Eso sí, algunos parecen más raros que otros. O quizá en esto influya un sesgo cultural: no en todas las sociedades resulta igual de fácil mostrar tus diferencias. Por ejemplo, yo diría que Reino Unido siempre ha respetado e incluso fomentado la excentricidad, mientras que la sociedad española ha sido tradicionalmente mucho más normativa. Lord Byron, un excéntrico él mismo, dijo que la decadencia del imperio español fue a causa de la publicación del Quijote, porque el libro esencial de nuestra cultura nos enseñaba que el individuo que se atrevía a ser distinto y a tener grandes sueños se convertía en un patético bufón de quien todos se burlaban. Yo no sé si nuestro hipertrofiado sentido del ridículo se deberá al hidalgo manchego; más bien creo que Cervantes, con su enorme talento, supo captar ese rasgo de nuestra cultura. Pero lo que sí es cierto es que la diferencia es un valor, que la diversidad contribuye al éxito adaptativo de nuestra especie y que la gente rara, en un amplio arco que va desde lo más estrafalario hasta lo más sublime, es el motor de la historia.

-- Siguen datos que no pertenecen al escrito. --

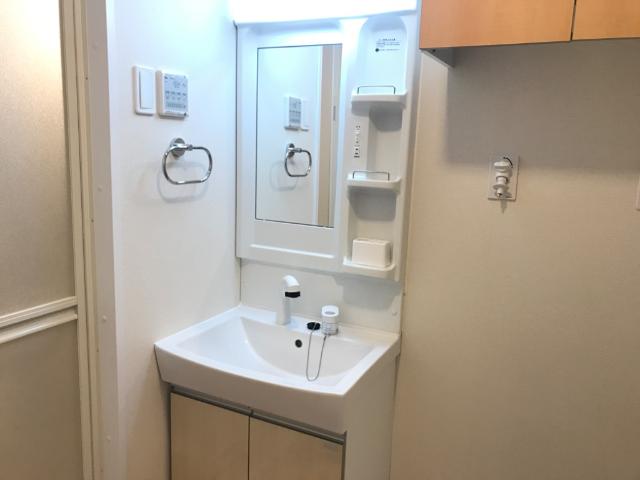 洗面設備　洗髪洗面化粧台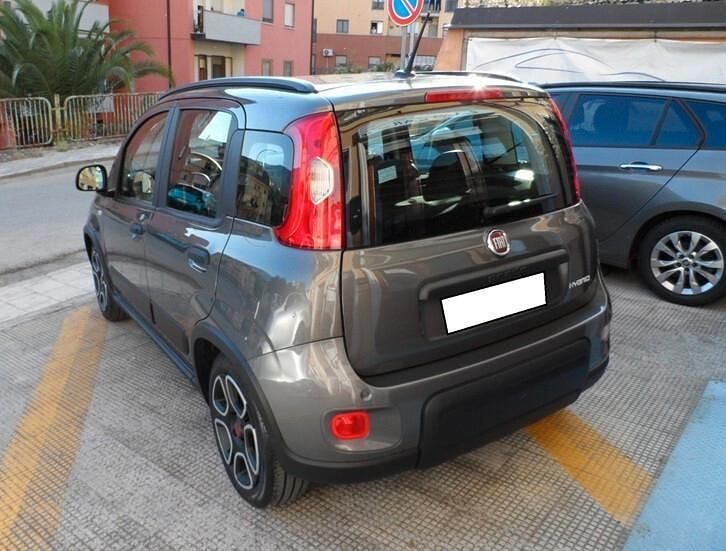Usata Fiat Panda Cross Cross 70 CV (51 kW) 2022 Grigio Utilitaria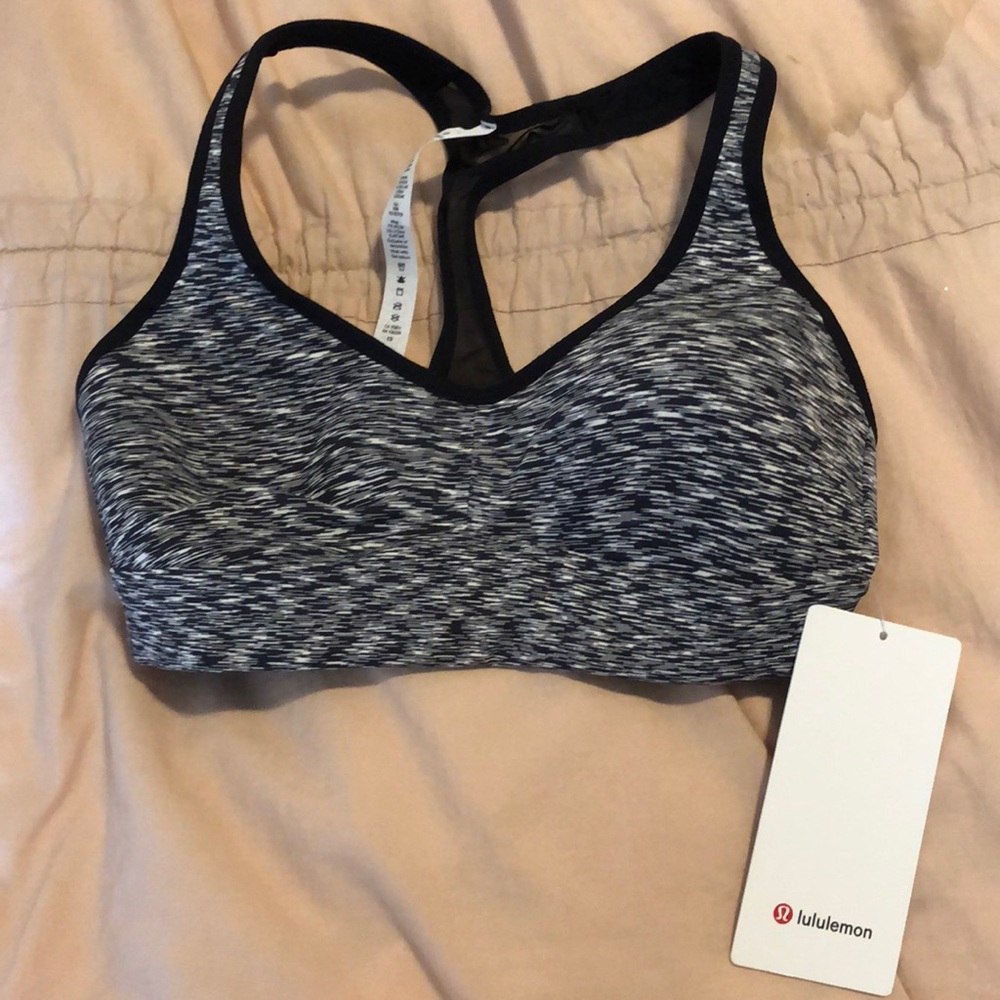 lululemon sports bra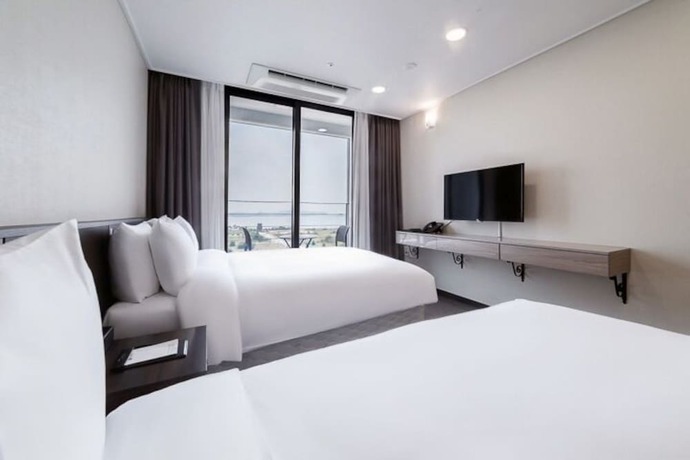Imagen de la habitación del Hotel Riviera Incheon Airport Hotel. Foto 14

El neuropsicólogo escocés David Weeks publicó en 1995 un libro sobre la excentricidad en el que concluía que quienes poseían esta peculiaridad eran más felices, consumían menos drogas y eran muy creativos. También calculaba que sólo había un excéntrico por cada 5.000 o 10.000 personas, lo cual me parece bajísimo. Creo que Weeks sólo se refería a los raros geniales, y eso, claro, es afinar mucho. Pero basta con mirar de cerca a tus vecinos para advertir que los seres humanos somos un hervor de extravagancias.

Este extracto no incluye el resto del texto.